# Work to complete
A faithful copy of the entries is needed, one that leaves out the pictures.
○ ○ ○ ○ ○
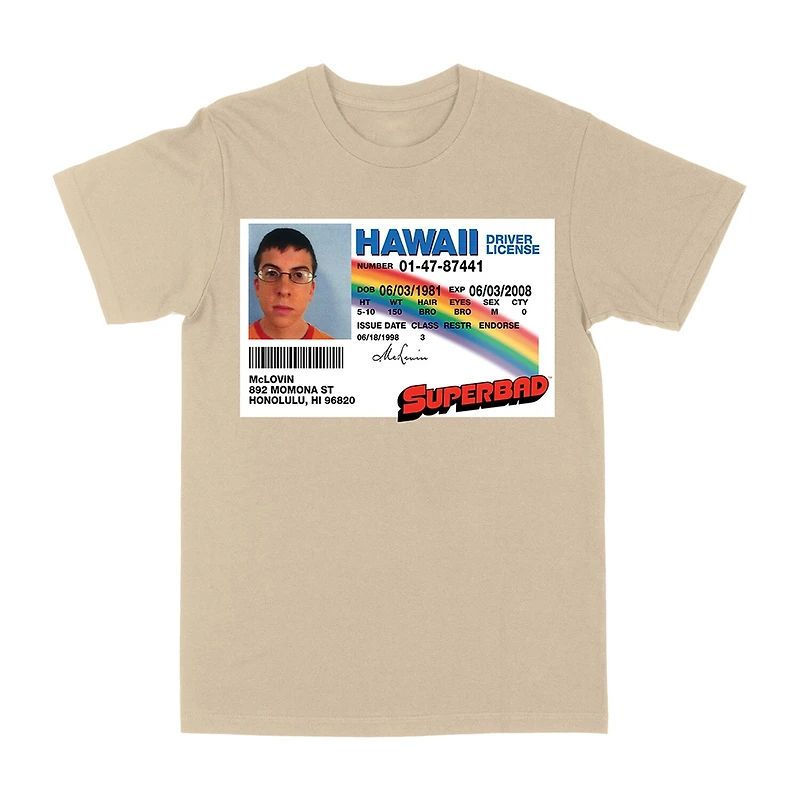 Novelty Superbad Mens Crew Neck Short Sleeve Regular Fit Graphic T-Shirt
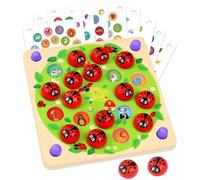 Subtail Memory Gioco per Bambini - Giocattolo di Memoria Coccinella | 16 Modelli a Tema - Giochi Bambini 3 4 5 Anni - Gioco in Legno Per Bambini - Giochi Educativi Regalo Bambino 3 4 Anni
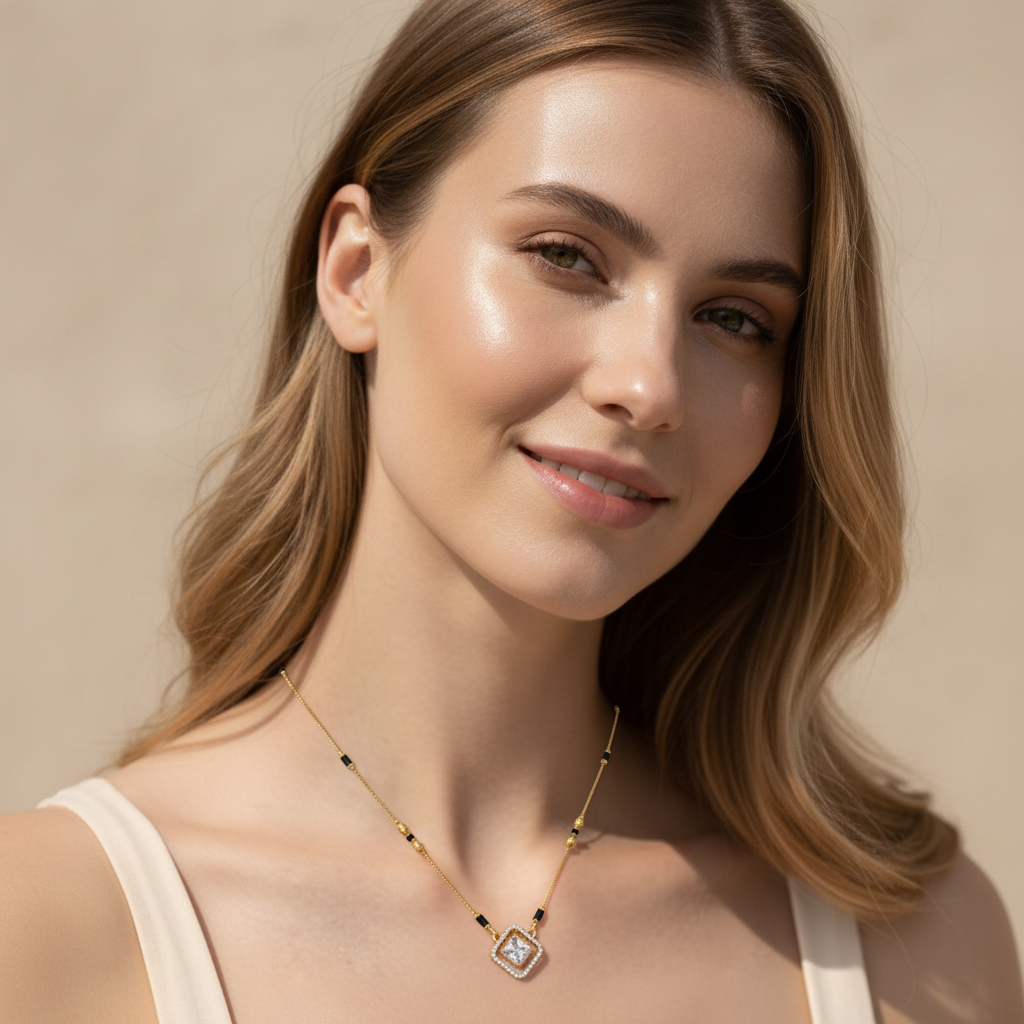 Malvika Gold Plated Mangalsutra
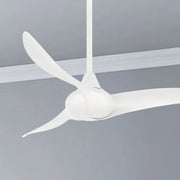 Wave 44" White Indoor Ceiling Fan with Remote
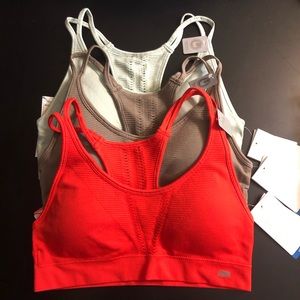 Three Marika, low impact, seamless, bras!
○ ○ ○ ○ ○
# Result of this task
 Novelty Superbad Mens Crew Neck Short Sleeve Regular Fit Graphic T-Shirt
 Subtail Memory Gioco per Bambini - Giocattolo di Memoria Coccinella | 16 Modelli a Tema - Giochi Bambini 3 4 5 Anni - Gioco in Legno Per Bambini - Giochi Educativi Regalo Bambino 3 4 Anni
 Malvika Gold Plated Mangalsutra
 Wave 44" White Indoor Ceiling Fan with Remote
 Three Marika, low impact, seamless, bras!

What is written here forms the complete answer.